On January 1, 2022, the Czech Republic aligned its cookie consent practices with the General Data Protection Regulation (GDPR) and the EU Cookies Directive by amending its Electronic Communications Act (ECA).

This development effectively changed the status quo for cookie processing in the Czech Republic. More specifically, it prompted a shift from an opt-out to an opt-in cookie consent system, placing the burden of consent on businesses rather than users.

In this article, we'll discuss cookie processing in the Czech Republic, the responsibilities of applicable businesses, and practical steps for ensuring compliance in light of stricter requirements.

As a member state of the EU, the Czech Republic has been covered by EU data privacy laws since the GDPR's inception. However, not all aspects of Czech's legal system conformed to the stricter EU standards. This was especially true for Czech's cookie processing requirements.

Up until January 1, 2022, the Czech Republic Electronic Communications Act (aka Czech's cookie law) contradicted the provisions of the GDPR and EU Cookies Directive.

Needless to say, this legal inconsistency confused businesses and made compliance all the more difficult.

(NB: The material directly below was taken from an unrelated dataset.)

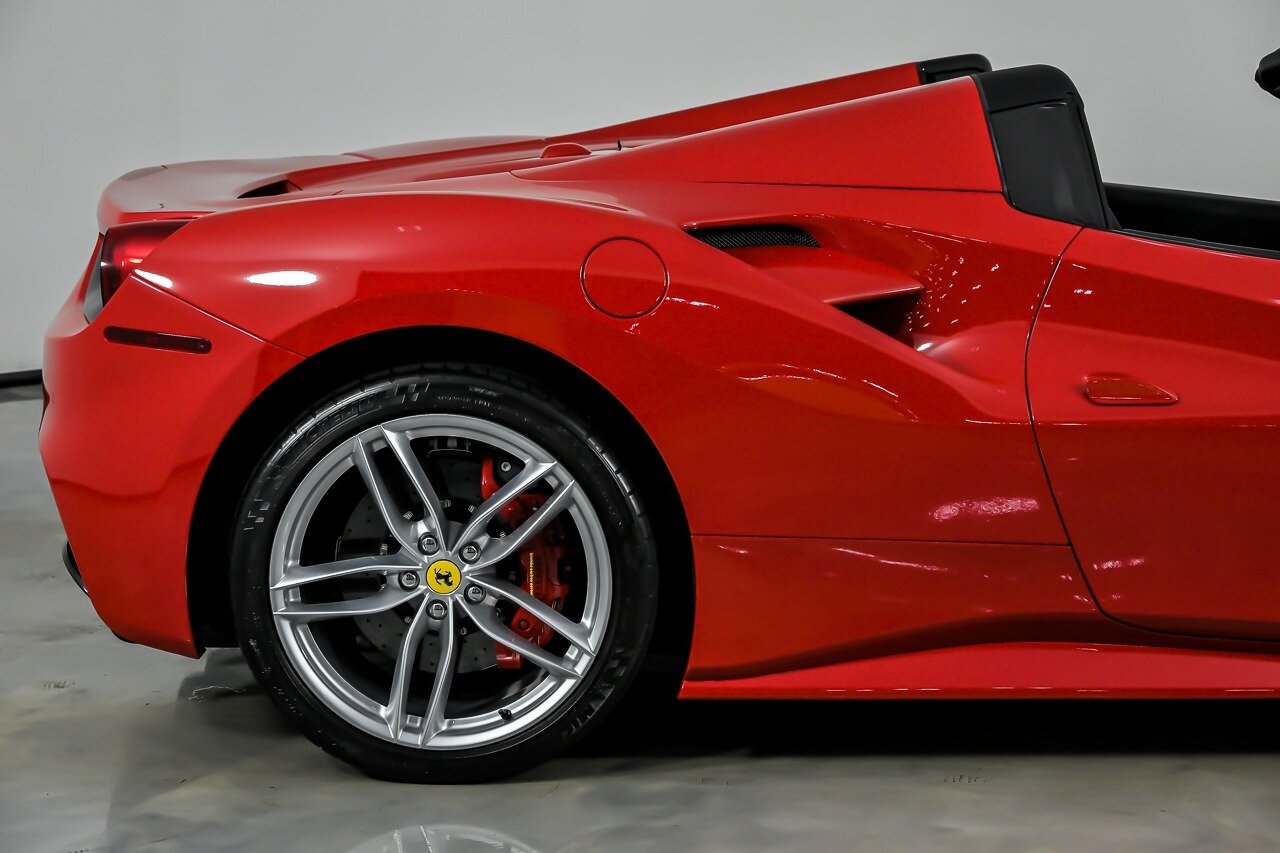 2017 Ferrari 488 GTB Base - Photo 13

Now, thanks to the ECA's amendment, cookie processing rules in the Czech Republic are in accord with those of the GDPR and EU Cookies Directive.

While these rules are notably more stringent, the good news is that cookie processing is now far less ambiguous and more straightforward for businesses to implement.

Data Protection Landscape in the Czech Republic

Data Protection Landscape in the Czech Republic

Following the ECA's amendment, the Czech Republic's national legislation and data protection rules are now completely aligned with European data privacy standards.

Presently, the following data protection laws apply in the Czech Republic:

  • The EU General Data Protection Regulation (GDPR) which is directly applicable in all the EU member-states
  • The Czech Act No.110/2019 on Personal Data Processing which aligns the Czech data protection law with the GDPR, and
  • The Electronic Communications Act (ECA), which is now aligned with the EU Cookies Directive

These three laws work together to regulate data privacy and ensure compliant cookie practices in the Czech Republic.

As a business owner, you don't have to be physically present in the Czech Republic to be covered by its privacy laws. Thanks to the GDPR's oversight, if you offer products and services to Czech residents, monitor their online behavior, or collect their personal data, you must comply with the regulation.

The GDPR defines personal data as "any information relating to an identified or identifiable natural person." Typical examples include but aren't limited to:

  • Names/usernames
  • Home addresses
  • Email addresses
  • Identification numbers
  • Financial information
  • "Technical data" such as IP addresses, browsing histories, cookie IDs, etc.

So, if your business collects the personal data of Czech residents through cookies and similar technologies, you may have to comply with all three laws above.

Fortunately, the provisions of these laws are now in harmony, and compliance with one of the laws will likely make you compliant with at least some of the demands of the others.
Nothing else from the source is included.